--- Material to process Enclosed Below ---

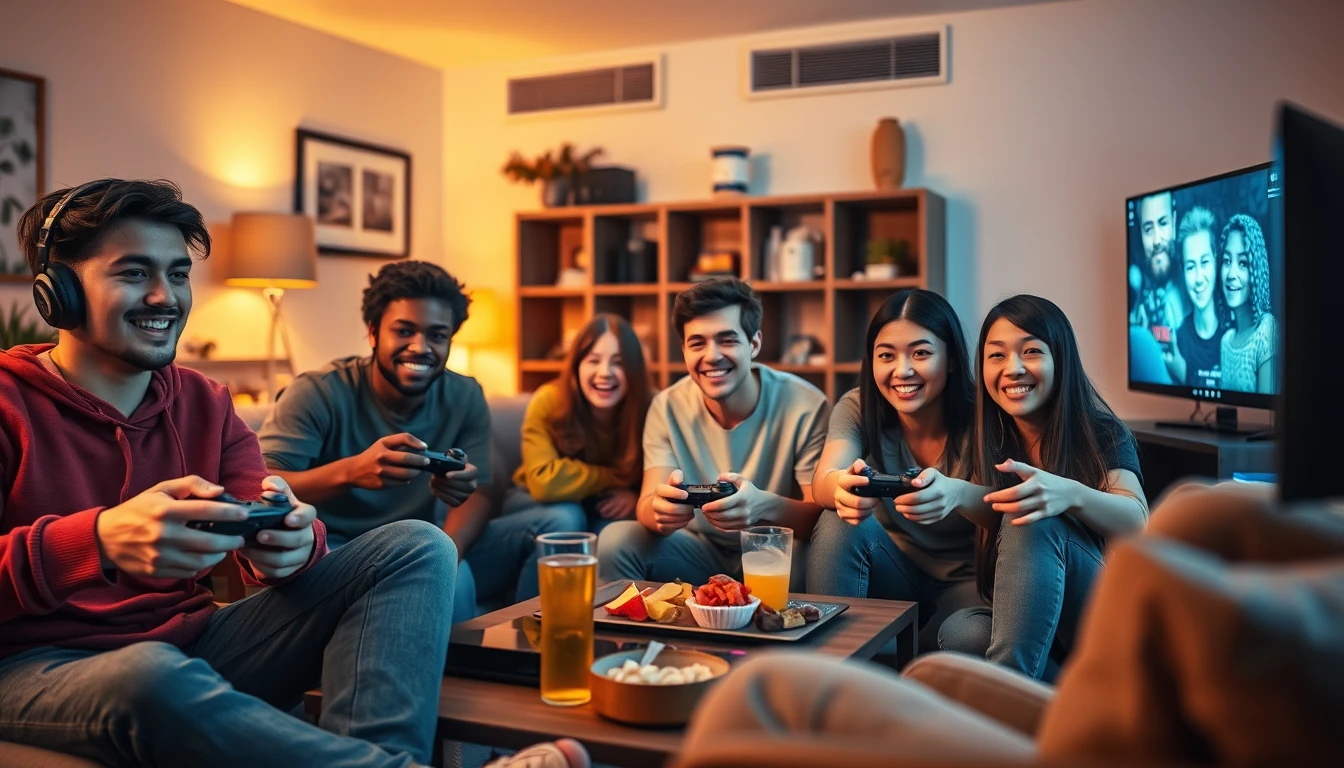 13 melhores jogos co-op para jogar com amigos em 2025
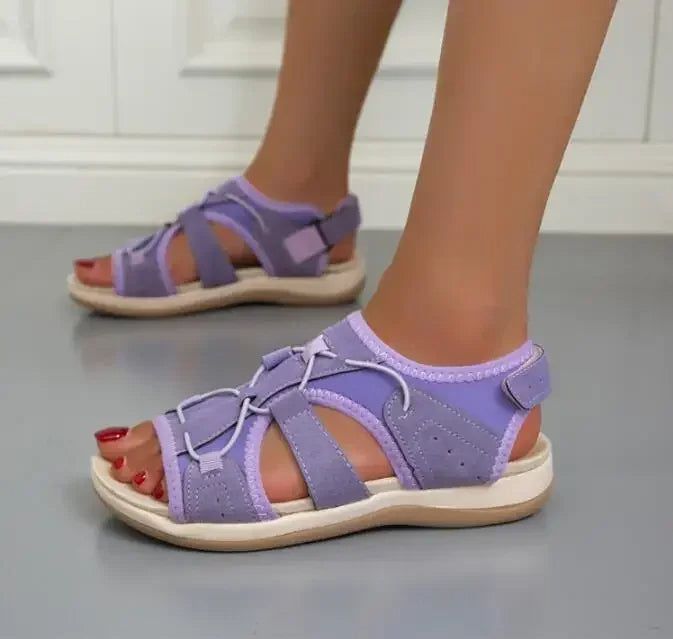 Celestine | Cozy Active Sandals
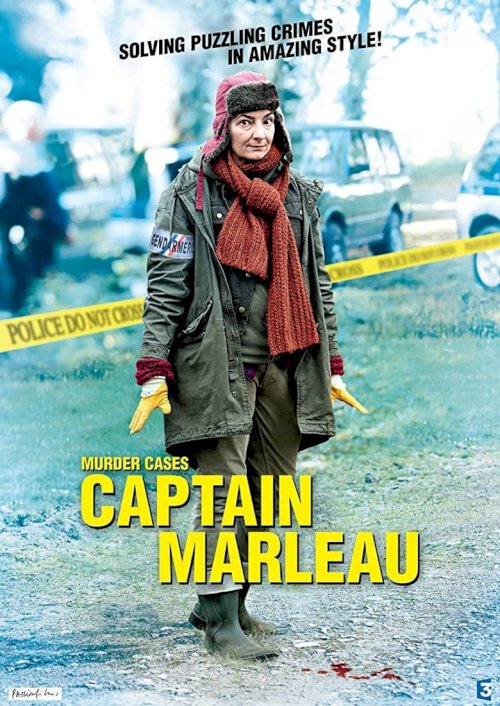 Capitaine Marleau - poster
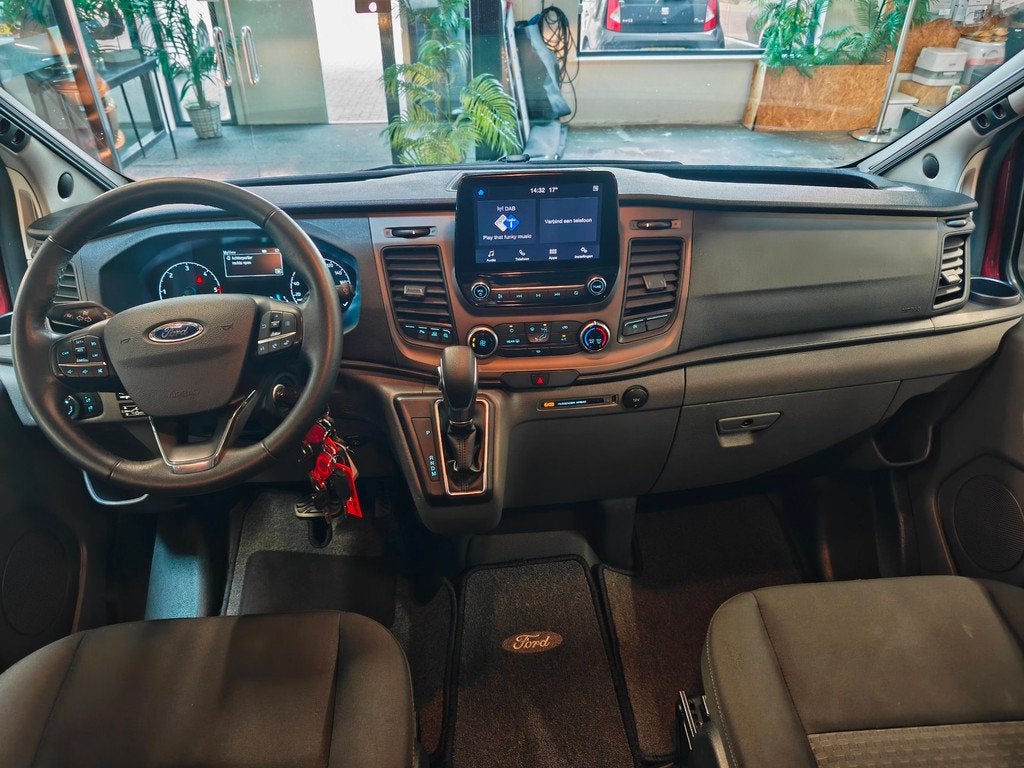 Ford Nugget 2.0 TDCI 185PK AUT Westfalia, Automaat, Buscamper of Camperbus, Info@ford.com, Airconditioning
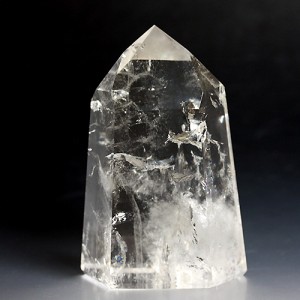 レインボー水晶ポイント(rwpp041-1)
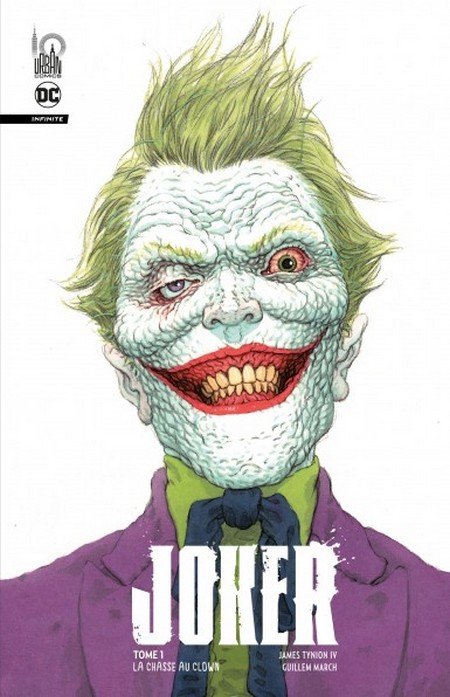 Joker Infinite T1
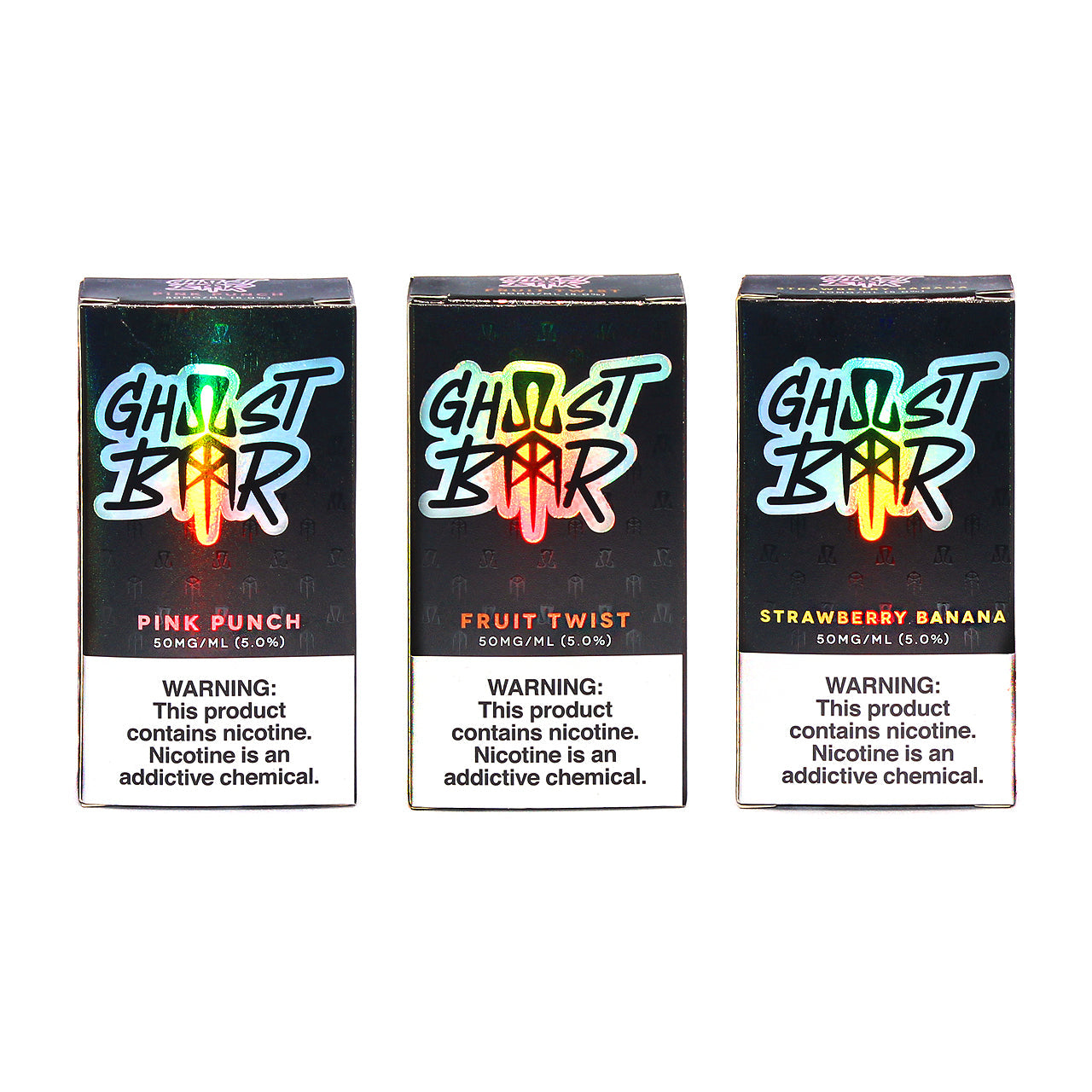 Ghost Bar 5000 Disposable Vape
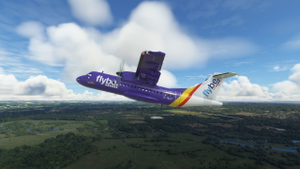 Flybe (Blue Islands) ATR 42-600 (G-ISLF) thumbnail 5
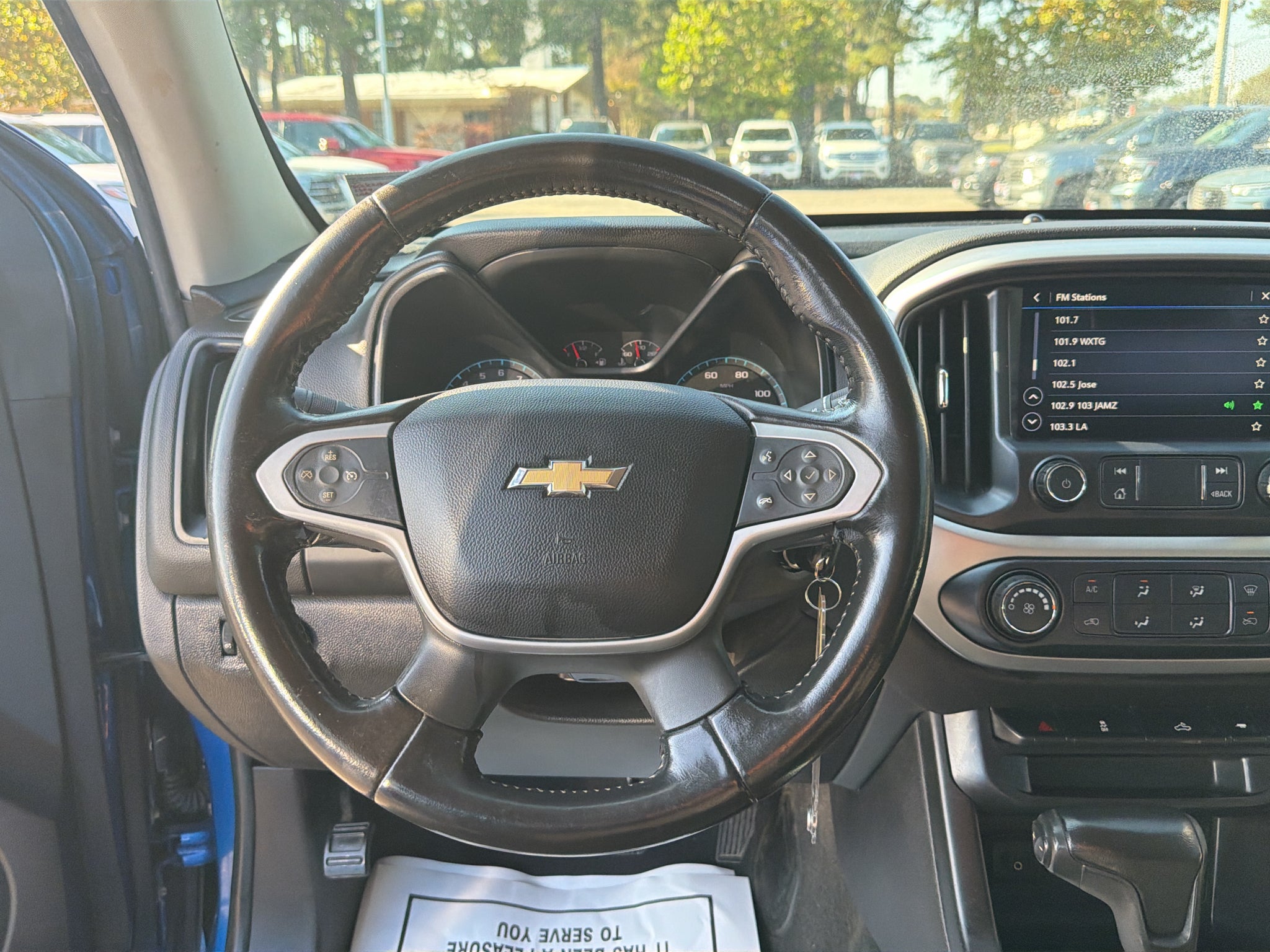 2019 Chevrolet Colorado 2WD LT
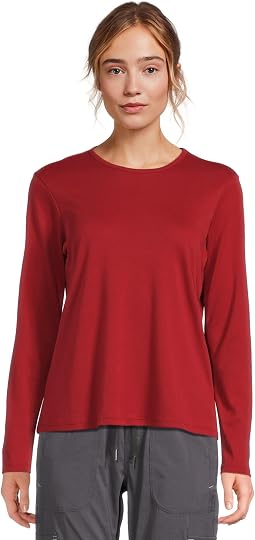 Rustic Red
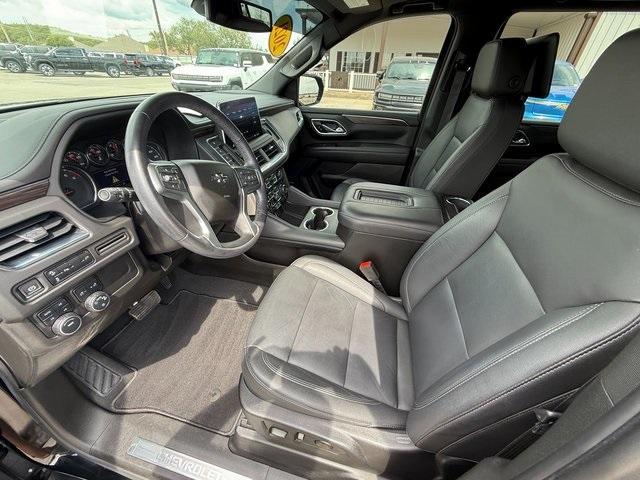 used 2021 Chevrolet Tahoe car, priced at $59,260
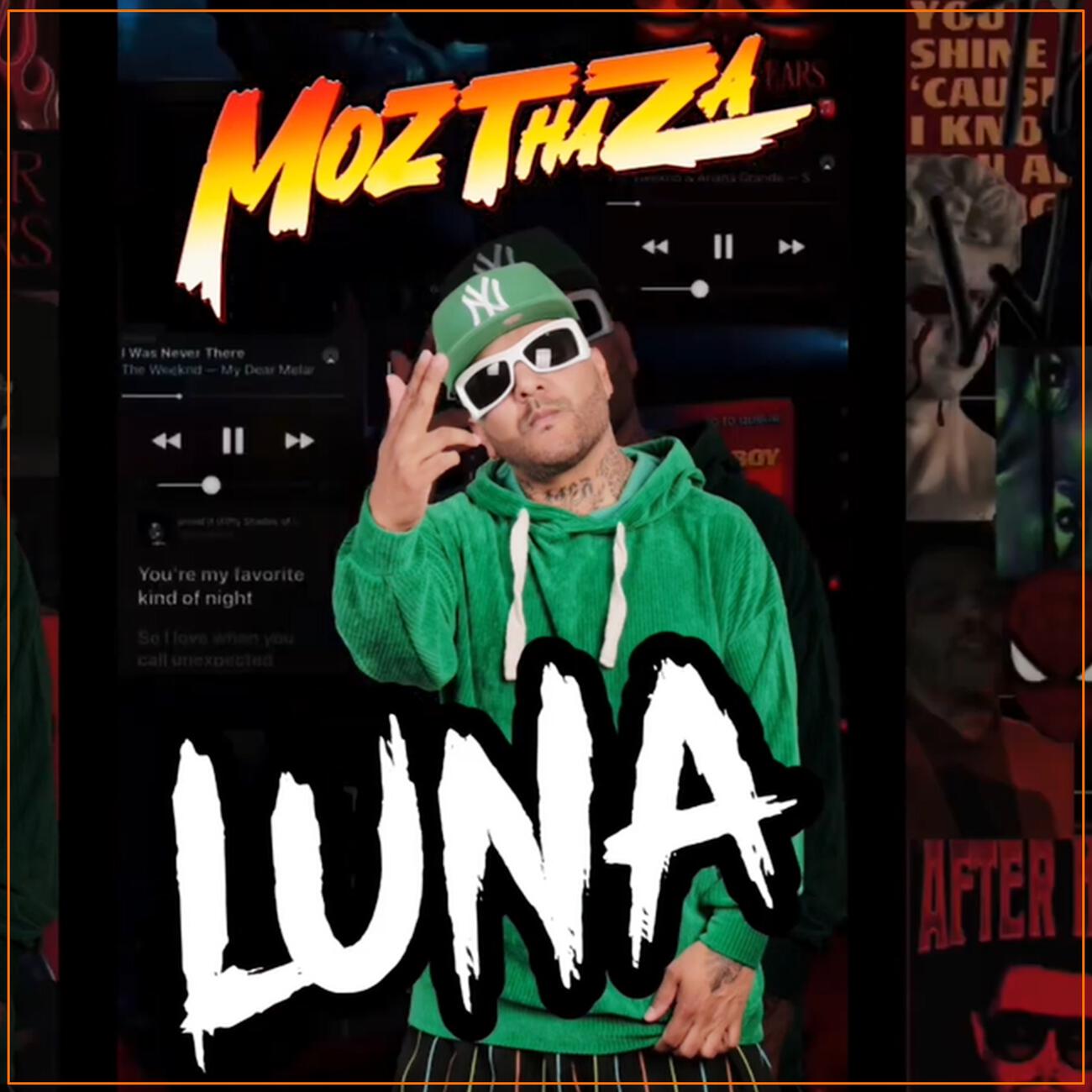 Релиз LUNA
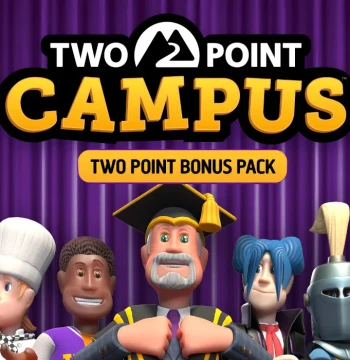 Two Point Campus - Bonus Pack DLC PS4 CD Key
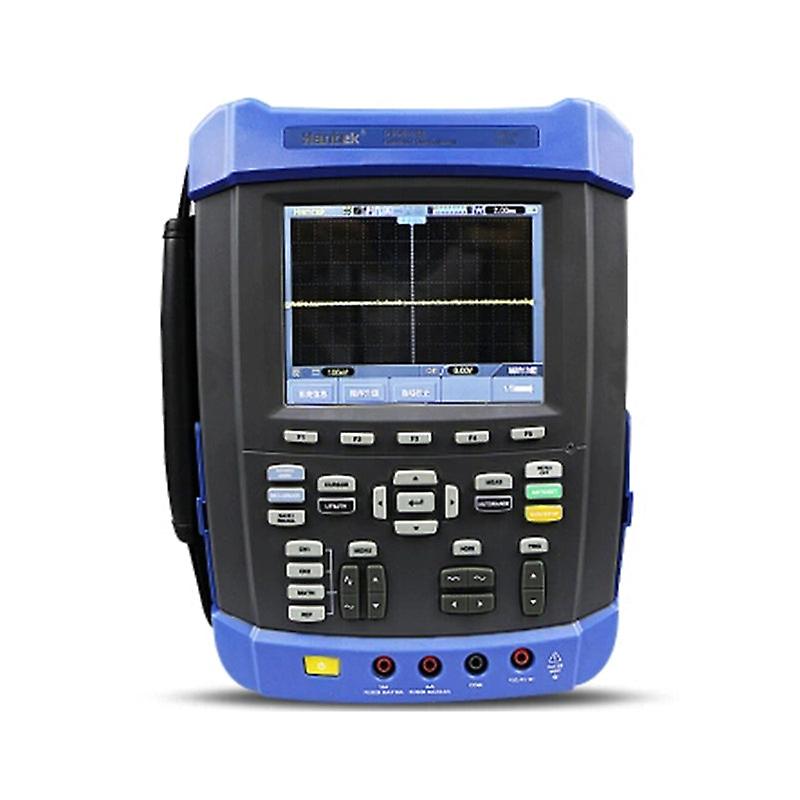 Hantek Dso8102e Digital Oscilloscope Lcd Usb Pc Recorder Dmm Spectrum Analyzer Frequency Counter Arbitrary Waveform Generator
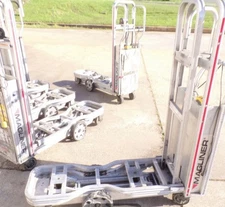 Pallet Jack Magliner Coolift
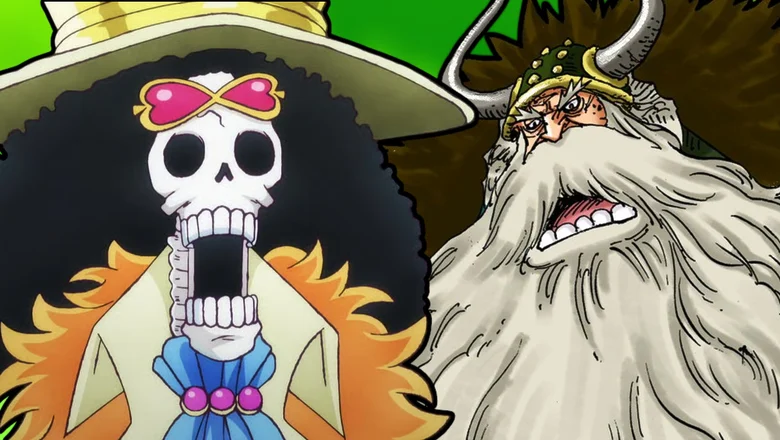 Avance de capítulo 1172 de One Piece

--- End of Enclosed Material to process ---

Exercise:
Can you repeat every record above exactly, apart from the pictures?

Task solution:
 13 melhores jogos co-op para jogar com amigos em 2025
 Celestine | Cozy Active Sandals
 Capitaine Marleau - poster
 Ford Nugget 2.0 TDCI 185PK AUT Westfalia, Automaat, Buscamper of Camperbus, Info@ford.com, Airconditioning
 レインボー水晶ポイント(rwpp041-1)
 Joker Infinite T1
 Ghost Bar 5000 Disposable Vape
 Flybe (Blue Islands) ATR 42-600 (G-ISLF) thumbnail 5
 2019 Chevrolet Colorado 2WD LT
 Rustic Red
 used 2021 Chevrolet Tahoe car, priced at $59,260
 Релиз LUNA
 Two Point Campus - Bonus Pack DLC PS4 CD Key
 Hantek Dso8102e Digital Oscilloscope Lcd Usb Pc Recorder Dmm Spectrum Analyzer Frequency Counter Arbitrary Waveform Generator
 Pallet Jack Magliner Coolift
 Avance de capítulo 1172 de One Piece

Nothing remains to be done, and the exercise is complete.